Cultura midiática viral
Até esse momento, bombas
semióticas nada tiveram a ver com “protestos”. E nem elas são fenômenos
isolados como uma fotografia, livros ou poemas. São instrumentos de um esforço
coordenado e amplo de conquista de corações e mentes pela ocupação do campo
midiático pela atual tática de guerra híbrida (ação direta + ocupação semiótica).

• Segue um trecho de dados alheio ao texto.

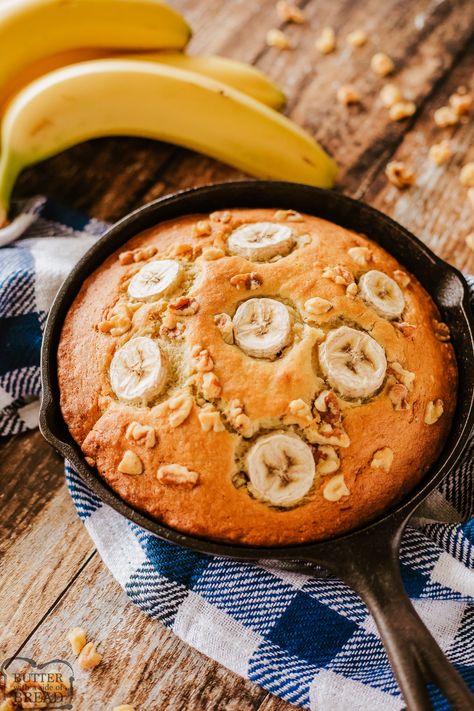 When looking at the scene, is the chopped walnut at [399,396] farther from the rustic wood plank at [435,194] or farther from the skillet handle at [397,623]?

Se não consideraríamos, por
exemplo, “O Capital” de Karl Marx a maior “bomba semiótica” do século XIX que
mudou a face política do século XX.
E muito menos a atual
estratégia das bombas semióticas tem paralelo com as ações coordenadas na mídia
implementadas pelo complexo IPES-IBAD (com apoio logístico e de inteligência
dos EUA) para desestabilizar João Goulart (1962-64) e desfechar o golpe
militar. Naquele momento, as ações coordenadas na TV, cinema e mídia impressa
seguiram a receita hipodérmica da repetição de slogans para doutrinação de
massas.
Assim como, ainda, as ações
políticas da esquerda respiram essa atmosfera de protestos de rua com palavras
de ordem, bordões e slogans repetitivos.
Bomba semiótica é um
fenômeno de ocupação e intervenção política novo, em sintonia com a cultura
midiática viral: ela não visa a propaganda doutrinária, mas a contaminação
viral pelo pânico, boatos, rumor, fake
news e assim por diante.
Por isso, buchas de canhão
como Kim Kataguiri ou Alexandre Frota não precisam e não querem interlocutores.

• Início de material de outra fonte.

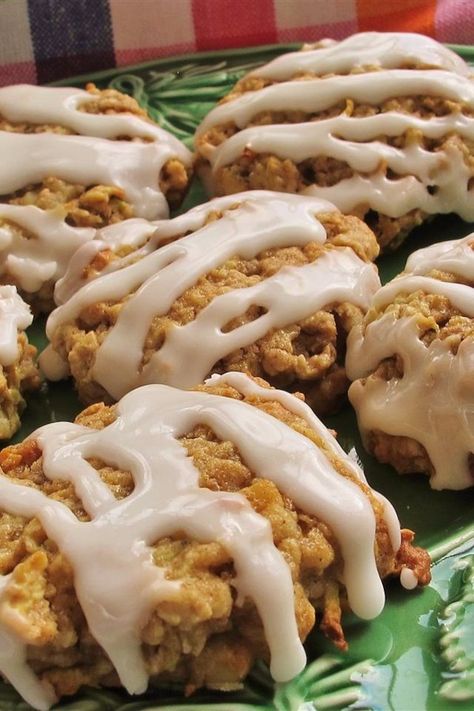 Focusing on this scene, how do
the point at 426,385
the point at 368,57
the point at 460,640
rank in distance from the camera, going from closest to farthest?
the point at 460,640 < the point at 426,385 < the point at 368,57

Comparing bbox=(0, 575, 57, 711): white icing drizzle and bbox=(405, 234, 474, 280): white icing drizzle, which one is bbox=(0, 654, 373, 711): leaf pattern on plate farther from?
bbox=(405, 234, 474, 280): white icing drizzle

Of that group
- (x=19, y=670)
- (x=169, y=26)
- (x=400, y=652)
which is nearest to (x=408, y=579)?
(x=400, y=652)

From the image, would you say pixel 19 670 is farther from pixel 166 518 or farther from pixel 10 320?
pixel 10 320

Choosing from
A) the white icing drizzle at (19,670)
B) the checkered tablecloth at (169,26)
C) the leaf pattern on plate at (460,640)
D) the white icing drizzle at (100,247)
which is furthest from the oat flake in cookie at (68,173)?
the leaf pattern on plate at (460,640)

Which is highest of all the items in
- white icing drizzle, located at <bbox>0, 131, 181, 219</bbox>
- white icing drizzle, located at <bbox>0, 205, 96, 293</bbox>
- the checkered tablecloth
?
the checkered tablecloth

Aliás, o oponente é mera escada para eles “falarem” com as massas por meio da
provocação mediante a criação de um acontecimento – o “acontecimento
comunicacional”, o resultado final da explosão da bomba semiótica. Não há um
esforço para convencimento ou persuasão, mas de criar repercussão e
“agendamento” – de “agenda setting”, a estratégia de eventos midiáticos criarem
pautas para conversas interpessoais ou nas redes.
Em termos mais diretos,
enquanto a esquerda está no paradigma do humor de bordões repetitivos da
“Escolinha do Professor Raimundo”, EUA e as buchas da direita estão no humor do
“Porta dos Fundos” que faz parodias de temas virais.
Se não, o que dizer da
galhofa do MBL ao defender William Waack: “pelo direito de ser racista entre os
amigos!”...
Por isso, a repercussão do
desfile da escola Paraíso Tuiuti ainda não foi uma bomba semiótica, mas uma
prova da potencialidade de uma ocupação do campo semiótico também pelas
esquerdas. De lutar no mesmo campo.
Carros e bois
E para encerrar, a dualidade
descrita por Fernando Horta entre “carroças” e “bois” ou entre Semiótica e a
realidade material dos protestos de rua faz lembrar a velha dualidade da
leitura ortodoxa do marxismo entre infraestrutura dos meios e relações sociais
de produção e a superestrutura ideológica.
Ocupação do campo semiótica
pela esquerda nada tem a ver com isso. Tal ação política implicaria em ações
simultâneas como já foi comprovando com ações de ativistas políticos envolvendo
táticas de “media prank” e “culture jamming” – sobre isso clique aqui.
Durante as ocupações de
escolas públicas em 2015 em São Paulo, estudantes secundaristas começaram a
ocupar simultaneamente diferentes cruzamentos da cidade. Ao mesmo tempo em que
recusavam a dar entrevistas à grande mídia.
O que criou um “jamming” tanto midiático quanto na logística da ação
repressiva policial. Enquanto isso, os jovens secundaristas (cujo conceito de
TV aberta ou mídia de massa nada significa como atestou esse humilde blogueiro
em uma aula dada numa das escolas ocupadas – clique aqui) partilhavam fotos e
mensagens nas redes sociais.
Ocupação de ruas, escolas,
praças etc. de nada adiantam sem uma correlata ocupação do campo semiótico da
sociedade – têm que se converterem em “acontecimentos comunicacionais”.
Tuiuti nada tem a ver com
gente que cria “teorias maravilhosas” e bate palmas para “pobres” que fazem
aquilo que deveríamos fazer. Tuiuti foi apenas a evidência de um campo de
ocupações e luta política potencial que se abre: a esquerda criar sua própria
estratégia de detonação das próprias bombas semióticas.